Uploaded image for project: 'Spark'
  1. Spark
  2. SPARK-25919

Date value corrupts when tables are "ParquetHiveSerDe" formatted and target table is Partitioned

    XMLWordPrintableJSON

    Details

    • Type: Bug
    • Status: Closed
    • Priority: Major
    • Resolution: Fixed
    • Affects Version/s: 2.1.0, 2.2.1
    • Fix Version/s: None
    • Labels:
      None

      Description

      Hi

      I found a really strange issue. Below are the steps to reproduce it. This issue occurs only when the table row format is ParquetHiveSerDe and the target table is Partitioned

      Hive:

      Login in to hive terminal on cluster and create below tables.

      create table t_src(
      name varchar(10),
      dob timestamp
      )
      ROW FORMAT SERDE 
       'org.apache.hadoop.hive.ql.io.parquet.serde.ParquetHiveSerDe' 
      STORED AS INPUTFORMAT 
       'org.apache.hadoop.hive.ql.io.parquet.MapredParquetInputFormat' 
      OUTPUTFORMAT 
       'org.apache.hadoop.hive.ql.io.parquet.MapredParquetOutputFormat'
      create table t_tgt(
      name varchar(10),
      dob timestamp
      )
      PARTITIONED BY (city varchar(10))
      ROW FORMAT SERDE 
       'org.apache.hadoop.hive.ql.io.parquet.serde.ParquetHiveSerDe' 
      STORED AS INPUTFORMAT 
       'org.apache.hadoop.hive.ql.io.parquet.MapredParquetInputFormat' 
      OUTPUTFORMAT 
       'org.apache.hadoop.hive.ql.io.parquet.MapredParquetOutputFormat';
      
      
      

      Insert data into the source table (t_src)

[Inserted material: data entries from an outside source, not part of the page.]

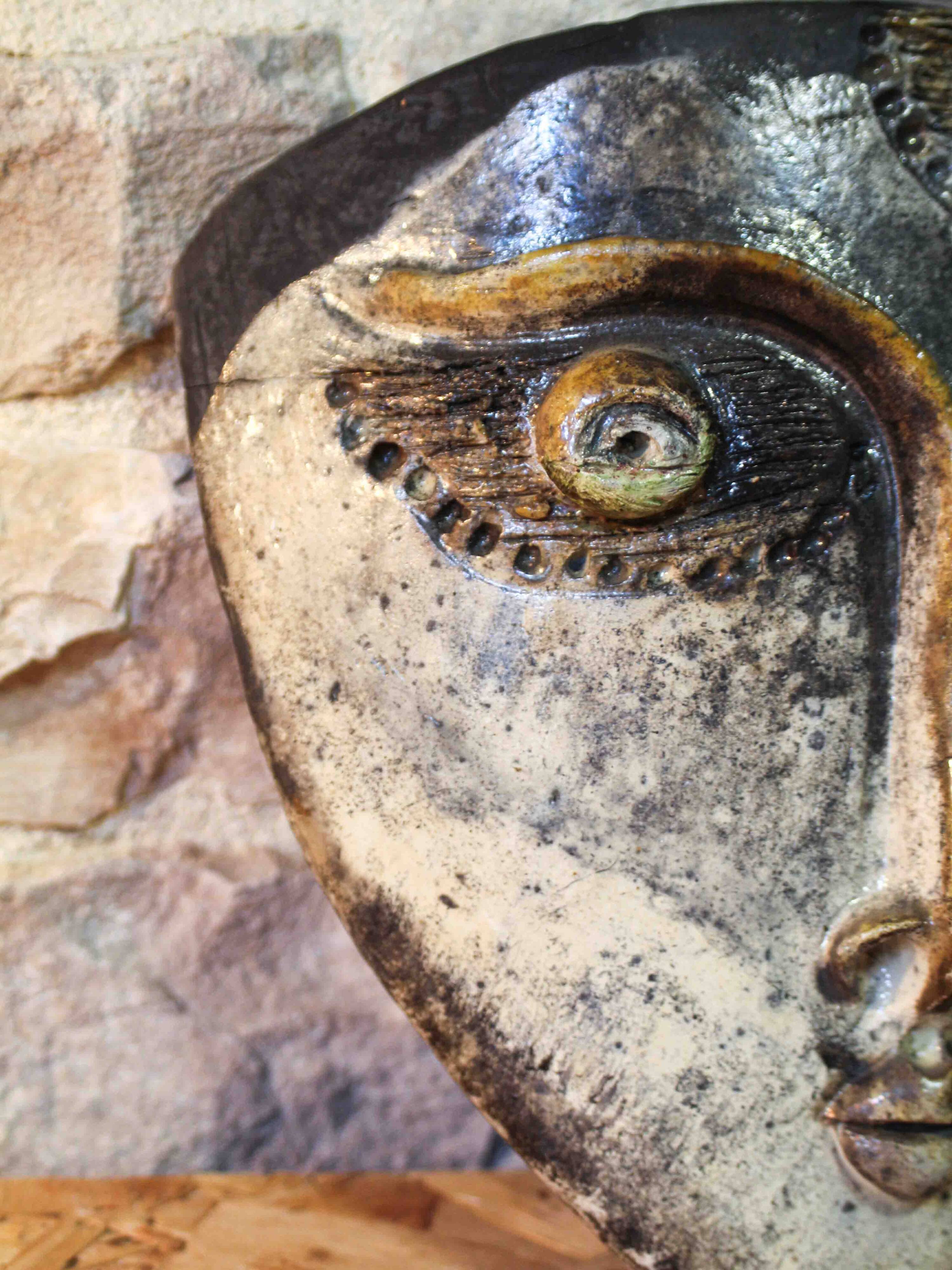 Masque décoratif en raku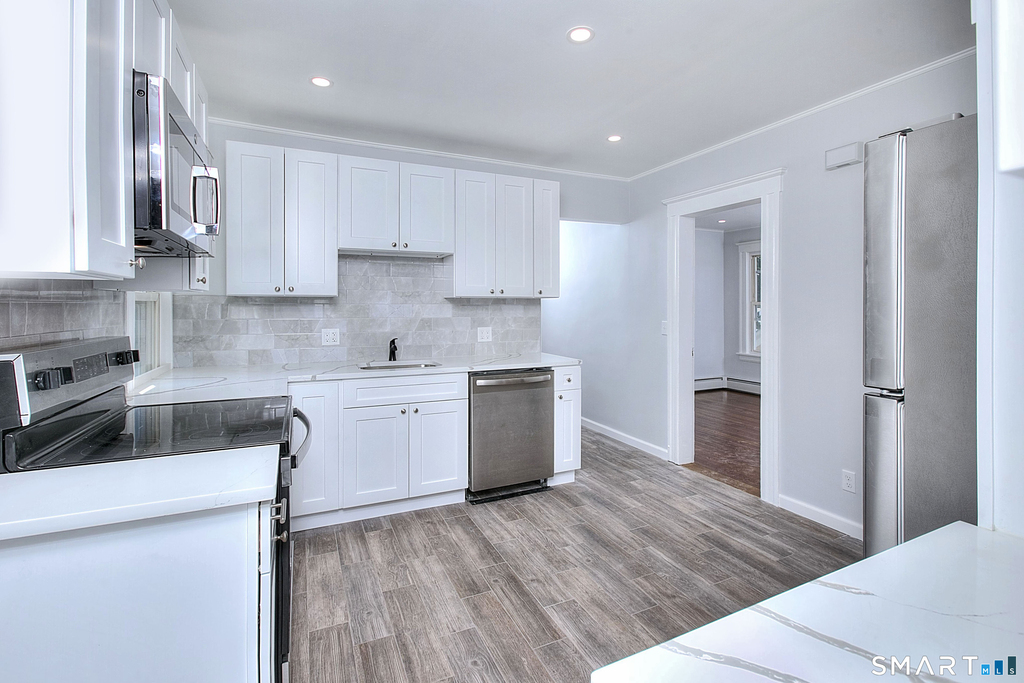 2029 Kings Highway - Photo 8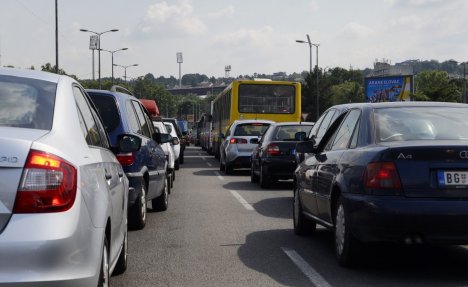 LANČANI SUDAR KOD ARENE: Izbegavajte auto-put zbog otežanog saobraćaja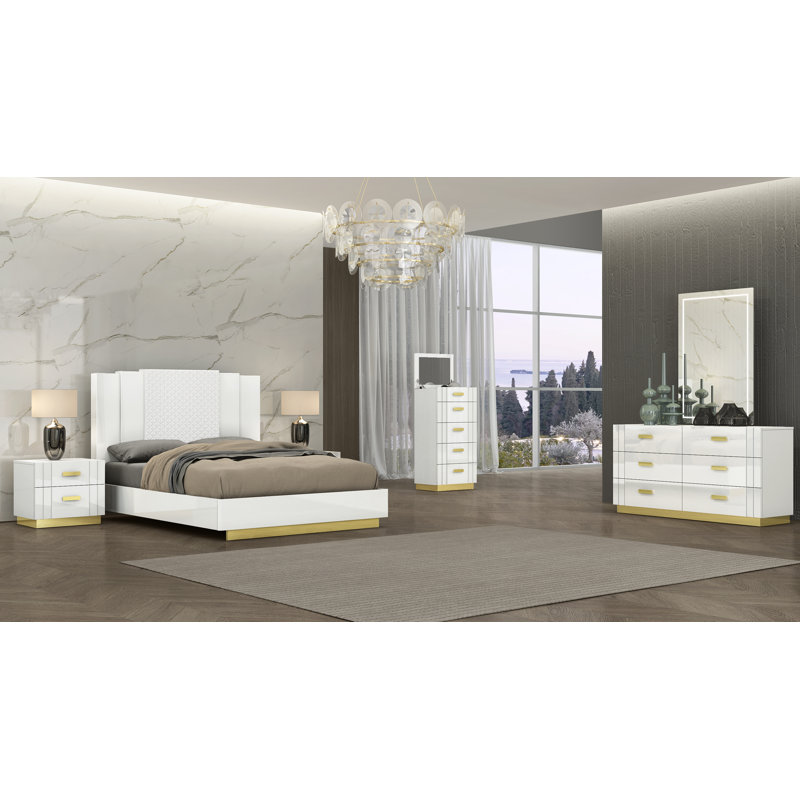 Iviana Piece Bedroom Set, Queen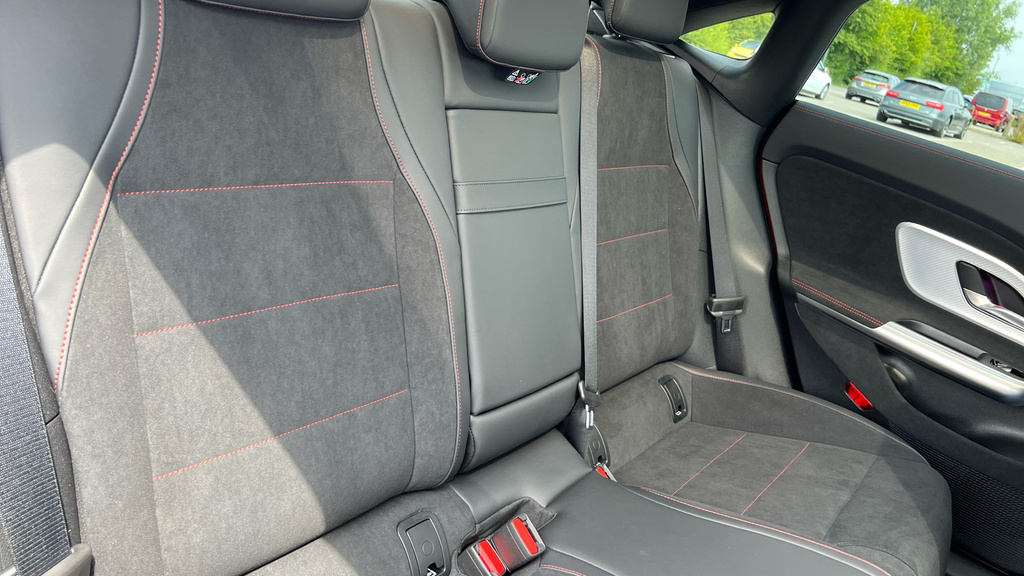 Mercedes-Benz CLA Class Cla 200 Amg Line Executive Tip Black #15
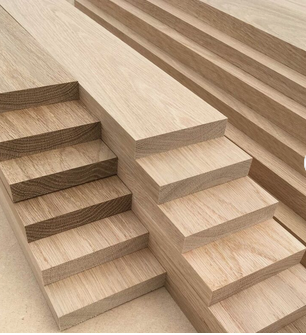 Cheap pine poplar wood timber lumber for packing. Direct Supplier Of kd Square Edges White Oak Timber At Wholesale Price. - Image 1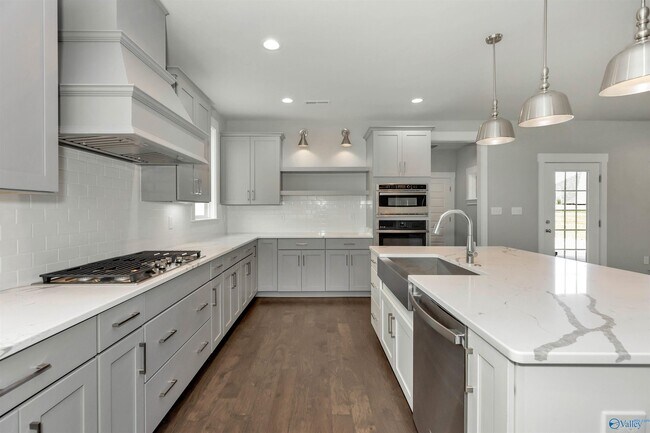 Building Photo - 113 Marlbrook Dr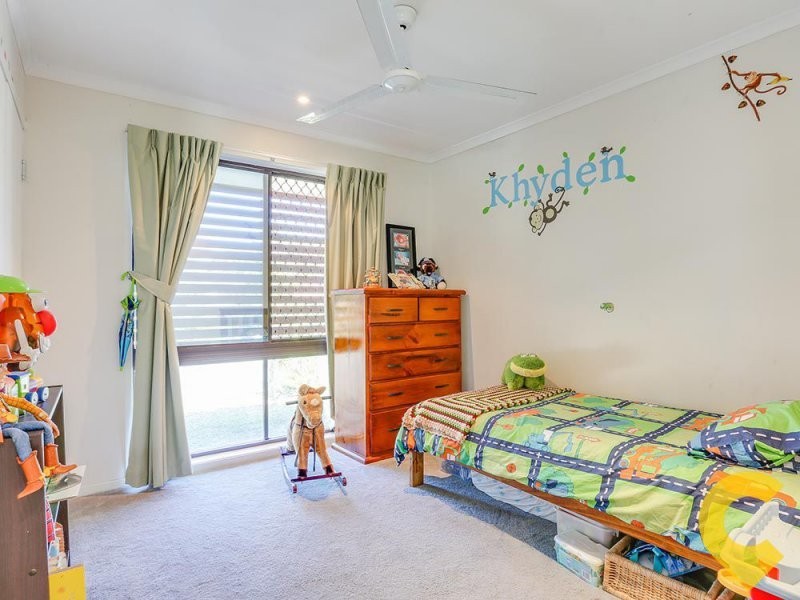 16 Cania Crescent, Petrie QLD 4502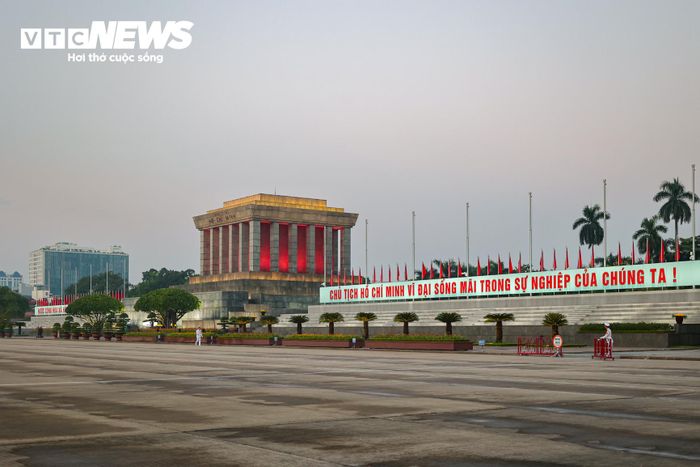 Từ sáng sớm, khu vực trước Lăng Chủ tịch Hồ Chí Minh đã đông kín người. Nhiều gia đình đưa con nhỏ đến Quảng trường Ba Đình, cùng chờ đợi khoảnh khắc Quốc kỳ tung bay trong ngày Tết Độc lập.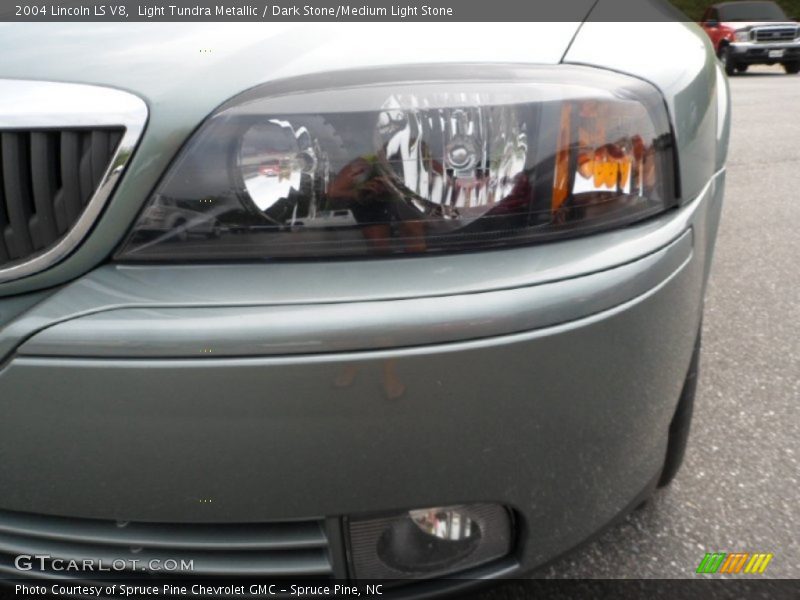 Light Tundra Metallic / Dark Stone/Medium Light Stone 2004 Lincoln LS V8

      INSERT INTO t_src VALUES ('p1', '0001-01-01 00:00:00.0'),('p2', '0002-01-01 00:00:00.0'), ('p3', '0003-01-01 00:00:00.0'),('p4', '0004-01-01 00:00:00.0');

      Spark-shell:

      Get on to spark-shell. 

      Execute below commands on spark shell:

      import org.apache.spark.sql.hive.HiveContext
      val sqlContext = new org.apache.spark.sql.hive.HiveContext(sc)
      val q0 = "TRUNCATE table t_tgt"
      val q1 = "SELECT CAST(alias.name AS STRING) as a0, alias.dob as a1 FROM DEFAULT.t_src alias"
      val q2 = "INSERT INTO TABLE DEFAULT.t_tgt PARTITION (city) SELECT tbl0.a0 as c0, tbl0.a1 as c1, NULL as c2 FROM tbl0"
      sqlContext.sql(q0)
      sqlContext.sql(q1).select("a0","a1").createOrReplaceTempView("tbl0")
      sqlContext.sql(q2)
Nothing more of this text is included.